In a company statement, Aetna said its sympathies were with the Cunninghams, but that the public court record showed it had followed the proper procedures in the case. Aetna covered “proven safe and effective” radiation therapy, but the Cunninghams chose to instead pursue the proton beam therapy, for which there is a lack of clinical data, according to the statement.
Aetna’s denial was upheld through two levels of internal appeal, as well a review by an independent radiation oncologist — a review that was not permitted to be used at trial, according to the statement.

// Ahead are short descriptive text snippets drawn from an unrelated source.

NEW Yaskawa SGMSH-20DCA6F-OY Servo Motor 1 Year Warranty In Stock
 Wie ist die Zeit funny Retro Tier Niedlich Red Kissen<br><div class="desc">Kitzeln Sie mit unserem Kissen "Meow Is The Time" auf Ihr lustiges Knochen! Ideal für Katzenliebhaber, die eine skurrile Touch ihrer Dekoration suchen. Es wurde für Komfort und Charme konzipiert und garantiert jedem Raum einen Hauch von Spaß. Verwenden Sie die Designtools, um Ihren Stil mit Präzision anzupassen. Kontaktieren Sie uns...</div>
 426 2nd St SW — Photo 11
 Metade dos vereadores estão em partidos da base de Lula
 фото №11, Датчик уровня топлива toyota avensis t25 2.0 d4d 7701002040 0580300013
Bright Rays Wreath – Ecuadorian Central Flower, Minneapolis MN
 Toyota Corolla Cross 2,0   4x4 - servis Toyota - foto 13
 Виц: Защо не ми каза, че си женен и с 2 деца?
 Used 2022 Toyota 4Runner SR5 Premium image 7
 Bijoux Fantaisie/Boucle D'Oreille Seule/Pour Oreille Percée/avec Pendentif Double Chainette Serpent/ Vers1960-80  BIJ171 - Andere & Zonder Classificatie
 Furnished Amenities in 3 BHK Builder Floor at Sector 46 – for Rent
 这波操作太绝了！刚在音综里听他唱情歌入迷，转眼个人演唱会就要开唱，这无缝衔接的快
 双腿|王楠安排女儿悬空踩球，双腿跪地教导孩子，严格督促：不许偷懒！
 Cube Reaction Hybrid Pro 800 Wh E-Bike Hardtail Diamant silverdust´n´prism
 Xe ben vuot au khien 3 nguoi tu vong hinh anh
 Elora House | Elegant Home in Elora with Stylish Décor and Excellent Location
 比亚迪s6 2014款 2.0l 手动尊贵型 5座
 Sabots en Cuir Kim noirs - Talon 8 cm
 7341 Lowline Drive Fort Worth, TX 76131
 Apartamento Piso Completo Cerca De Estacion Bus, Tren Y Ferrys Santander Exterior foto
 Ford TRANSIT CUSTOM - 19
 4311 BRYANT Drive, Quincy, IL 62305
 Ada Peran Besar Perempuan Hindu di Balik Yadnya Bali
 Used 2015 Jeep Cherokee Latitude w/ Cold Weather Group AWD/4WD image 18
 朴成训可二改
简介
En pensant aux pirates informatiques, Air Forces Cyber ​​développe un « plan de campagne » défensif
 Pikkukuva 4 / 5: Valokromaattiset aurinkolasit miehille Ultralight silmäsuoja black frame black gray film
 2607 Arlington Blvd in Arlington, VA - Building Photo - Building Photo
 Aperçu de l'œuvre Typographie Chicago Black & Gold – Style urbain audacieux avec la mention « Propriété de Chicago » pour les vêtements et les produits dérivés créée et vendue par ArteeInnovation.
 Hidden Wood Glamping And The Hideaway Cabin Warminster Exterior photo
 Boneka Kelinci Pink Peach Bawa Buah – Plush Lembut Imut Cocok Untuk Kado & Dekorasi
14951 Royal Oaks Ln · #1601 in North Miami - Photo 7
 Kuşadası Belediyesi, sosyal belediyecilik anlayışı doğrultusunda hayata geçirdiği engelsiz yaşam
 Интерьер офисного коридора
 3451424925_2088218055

Aetna’s statement said it had no comment on “juror motives” or a potential appeal, but wanted to be clear that it followed the proper steps in denying the coverage.
The Cunninghams filed their suit on May 18, 2015, alleging that Aetna owed coverage under Ron Cunningham’s policy, which he obtained as an Oklahoma City firefighter. Orrana Cunningham was receiving treatment at Houston’s M.D. Anderson Cancer Center, and the doctors there recommended the proton beam treatment, according to their complaint.
Ron Cunningham mortgaged the farmhouse he had built with his wife in Meeker, Oklahoma, to obtain the roughly $90,000 he needed to pay out-of-pocket for the proton beam therapy, and after receiving the treatment his wife was improving and was released from the hospital, according to Terry.
On May 30, 2015, Orrana Cunningham died at age 54 of a viral infection that entered her brain and caused her brain stem to rupture, according to Terry.
The plaintiffs are represented by Doug Terry of Doug Terry Law and Justin D. Meek and Tom Paruolo of DeWitt Paruolo Meek.
Aetna is represented by John B. Shely and Laura Trenaman of Hunton Andrews Kurth LLP, Leasa M. Stewart of GableGotwals and Frederick P. Santarelli, Stewart J. Greenleaf Jr. and Sherine N. Bedlako of Elliott Greenleaf PC.
The case is Ron Cunningham et al. v. Aetna Life Insurance Company, case number CJ-2015-2826 in the District Court of Oklahoma County, State of Oklahoma.